It was not clear who or what had shut down Pyongyang's web connections, but cyber experts said the country's already limited Internet went completely offline overnight from yesterday local time.
Piling further pressure on Kim Jong-Un's regime, UN members debated North Korea's brutal treatment of its huge prison population after China, its sole ally, was rebuffed in a bid to shelve the issue.
US-based Internet analysts Dyn Research said Pyongyang's four online networks, all connected through Chinese telecom provider China Unicom, had been offline for nine hours and 31 minutes before services resumed this morning.
Dyn Research said Pyongyang's very limited infrastructure could be vulnerable to power outages but that the way it had collapsed "seems consistent with a fragile network under external attack."
US President Barack Obama and the FBI have accused North Korea of being behind the hacking of Hollywood studio Sony Pictures, which was intimidated into cancelling a comedy film mocking Kim.
Washington officials refused to comment on speculation that the North Korean Internet blackout was the first stage in what Obama has warned will be a "proportionate response" to the hack.

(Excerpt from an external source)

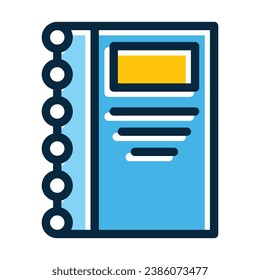 Notebook Vector Thick Line Filled Dark Colors Icons For Personal And Commercial Use.
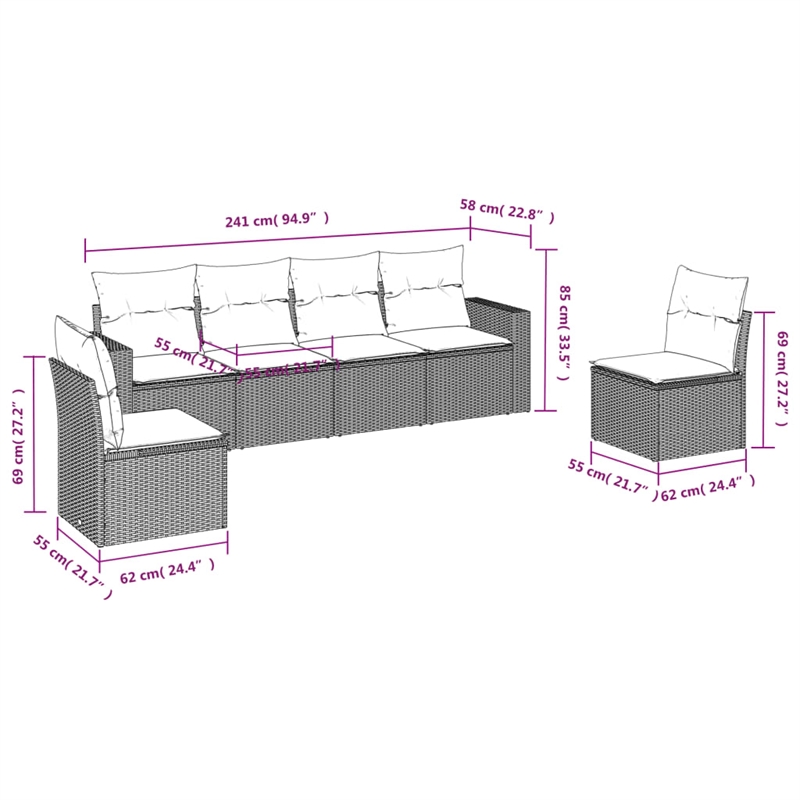 Afuera Living Contemporary 6 Piece Poly Rattan Sofa Set in Gray/Beige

North Korea has angrily insisted that it had nothing to do with the theft and leaking of Sony company secrets nor threats against moviegoers, but it has also condemned the madcap movie "The Interview."
US officials, however, called for compensation for Sony Pictures from North Korea.
"If they want to help here they could admit their culpability and compensate Sony for the damages that they caused," State Department deputy spokeswoman Marie Harf told reporters.
Dyn Research said earlier yesterday that Internet connectivity between North Korea and the outside world, never good at the best of times, had begun to show signs of instability over the weekend.
"This is different from short duration outages we have seen in the past," Earl Zmijewski, vice president of data analytics at Dyn, told AFP.